This is a newer value increaser/inhibitor somewhat created by sites like GreatSchools.org and sites like Redfin using those rankings on its property detail pages down near the bottom. People always had a word of mouth “best schools” impact on home values and rankings of School District and High Schools. But the valuation demarcations based on ELEMENTARY school and the exact “borders” of those schools, is a relatively new phenomenon created by more information being available on the internet.

Knowing the school boundaries is great! But are we giving too much credence to sites like GreatSchools.org and SchoolDigger.com? Most real estate industry personnel say yes, and do not lend their seal of approval to these sites as readily as some newcomers to the industry. That said…there is some overlap between the school rankings and the traditional value segments. Most BLUE areas happen to have good schools.
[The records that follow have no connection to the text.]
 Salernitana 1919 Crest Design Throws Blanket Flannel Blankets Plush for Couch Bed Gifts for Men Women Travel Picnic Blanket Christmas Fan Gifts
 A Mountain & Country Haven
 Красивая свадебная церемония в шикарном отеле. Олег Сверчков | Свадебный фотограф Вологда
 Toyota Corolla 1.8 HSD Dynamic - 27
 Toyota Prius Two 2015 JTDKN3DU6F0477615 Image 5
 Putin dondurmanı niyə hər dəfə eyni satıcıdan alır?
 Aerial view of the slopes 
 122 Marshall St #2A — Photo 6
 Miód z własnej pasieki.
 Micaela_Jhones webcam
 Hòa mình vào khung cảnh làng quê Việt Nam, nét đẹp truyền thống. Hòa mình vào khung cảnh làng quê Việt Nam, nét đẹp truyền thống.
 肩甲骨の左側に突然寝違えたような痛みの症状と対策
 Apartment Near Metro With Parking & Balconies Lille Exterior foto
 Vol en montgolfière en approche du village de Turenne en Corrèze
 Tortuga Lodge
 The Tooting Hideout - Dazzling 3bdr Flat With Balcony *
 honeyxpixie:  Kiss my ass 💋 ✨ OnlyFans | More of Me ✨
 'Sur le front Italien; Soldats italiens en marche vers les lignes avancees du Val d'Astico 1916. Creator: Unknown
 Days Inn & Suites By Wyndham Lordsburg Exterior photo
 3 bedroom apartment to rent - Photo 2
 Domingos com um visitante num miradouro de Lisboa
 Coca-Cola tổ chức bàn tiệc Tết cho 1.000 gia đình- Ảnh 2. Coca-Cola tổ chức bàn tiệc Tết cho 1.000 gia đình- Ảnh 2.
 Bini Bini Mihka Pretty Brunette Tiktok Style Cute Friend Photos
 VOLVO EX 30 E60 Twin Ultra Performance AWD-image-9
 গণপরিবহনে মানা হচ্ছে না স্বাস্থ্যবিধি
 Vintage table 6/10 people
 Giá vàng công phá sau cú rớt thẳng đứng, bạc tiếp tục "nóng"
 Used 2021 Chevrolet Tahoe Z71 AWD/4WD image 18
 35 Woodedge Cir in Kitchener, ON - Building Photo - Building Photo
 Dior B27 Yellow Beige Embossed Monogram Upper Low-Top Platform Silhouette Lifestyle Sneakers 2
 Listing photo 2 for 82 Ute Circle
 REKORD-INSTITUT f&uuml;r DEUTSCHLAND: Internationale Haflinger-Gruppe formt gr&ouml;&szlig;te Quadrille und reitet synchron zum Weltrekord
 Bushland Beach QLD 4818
Some pink areas do as well. So to do our overlay, we don’t have to decide whether or not the school rankings are 100% accurate any more than we have to decide if green is better than blue.

Remember, if you can’t afford blue…green may be your best option and if you can’t afford green, pink in the best school may be your best option. OR pink with a great school might be better than green with a lesser school. OR…as pink gets darker toward another school district…a better school in the OTHER school district may be a better choice. These are the kind of things you need to consider when choosing an agent or choosing to represent yourself. Recognize these factors as “real” and learn from where the foreclosures exist and why those foreclosures happened.

That’s why you have to know why these areas are “colored” as such, and what they draw their value from. The upper pink section on the left is pulling from Bothell and Northshore School District vs Lake Washington (the lake itself) and Downtown Kirkland, as example. You might want to step over that line…or not.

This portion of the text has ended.